On September 5, 2002, thirty heavily armed agents of the Drug Enforcement Administration raided WAMM’s garden, holding Valerie, Mike, Suzanne (a paraplegic woman) and Alice at gunpoint, before arresting Valerie and Mike and taking them into custody. The agents laughed as they began the long process of chopping down hundreds of towering cannabis plants grown for the sick and dying.
Alerted to the raid by an emergency phone tree, dozens of WAMM members gathered just outside the garden’s security gate in response, using their wheelchairs, canes and walkers to effectively barricade the DEA inside. With local TV news cameras rolling, these brave WAMM members dared the authorities to drag them off, refusing to end the stand-off until the feds promised to free the garden crew from custody.
WAMM Phytotherapies will resume their mission of compassionate care, providing cannabis to those who need it most. Credit: Justin McIvor.
Once released, however, Mike and Valerie still faced a very real threat of ten years in prison.
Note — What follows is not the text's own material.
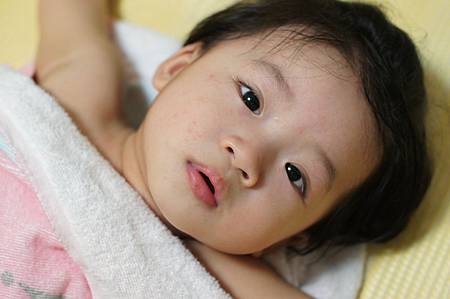 Emma(1Y1M)第一次生病 Emma(1Y1M)第一次生病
But instead of backing down, less than two weeks after the DEA raid, they gathered WAMM together on the steps of City Hall, alongside the Mayor of Santa Cruz, to defiantly distribute free medical marijuana to WAMM’s terminally ill members.
Thousands of people rallied in support, marching through the streets of town towards city hall carrying small cannabis plants and placards with pictures of loved ones.
With the New York Times, CNN and more than 100 additional media outlets on hand to document any potential showdown, federal authorities failed to show up, beyond circling overhead in a DEA helicopter. So, with support from the City and County of Santa Cruz, and legal assistance from the law professor Gerald Ullman, the ACLU, Bingham-McCutchen, Ben Rice and the Drug Policy Alliance, WAMM sued the US Justice Department, the DEA, and the US Attorney General, ultimately winning an injunction against future enforcement actions issued by a federal court judge who called WAMM “the gold standard” of the medical cannabis movement.
Love grows at the WAMM garden, which was raided by DEA agents in 2002. A the time, the medical collective defiantly replanted. Credit: Courtesy of WAMM Phytotherapies.
The next Spring, WAMM defiantly replanted their garden.It was a major turning point in ending the War on Cannabis. WAMM would continue to operate until January 1, 2018 when new cannabis regulations came into place that prevented the organization from continuing as a collective, and did not include any provisions for compassionate giving.
On March 1st, 2020, The Dennis Peron and Brownie Mary Act officially took effect in California, restoring the ability of legal cannabis suppliers to provide free cannabis to those in need. Valerie Leveroni Corral marked the occasion by officially launching WAMM Phytotherapies, a new, licensed cannabis company (a Public Benefit Corporation) dedicated to making premium quality, regeneratively grown cannabis products accessible and affordable to all, while promoting compassionate access to those in the greatest need.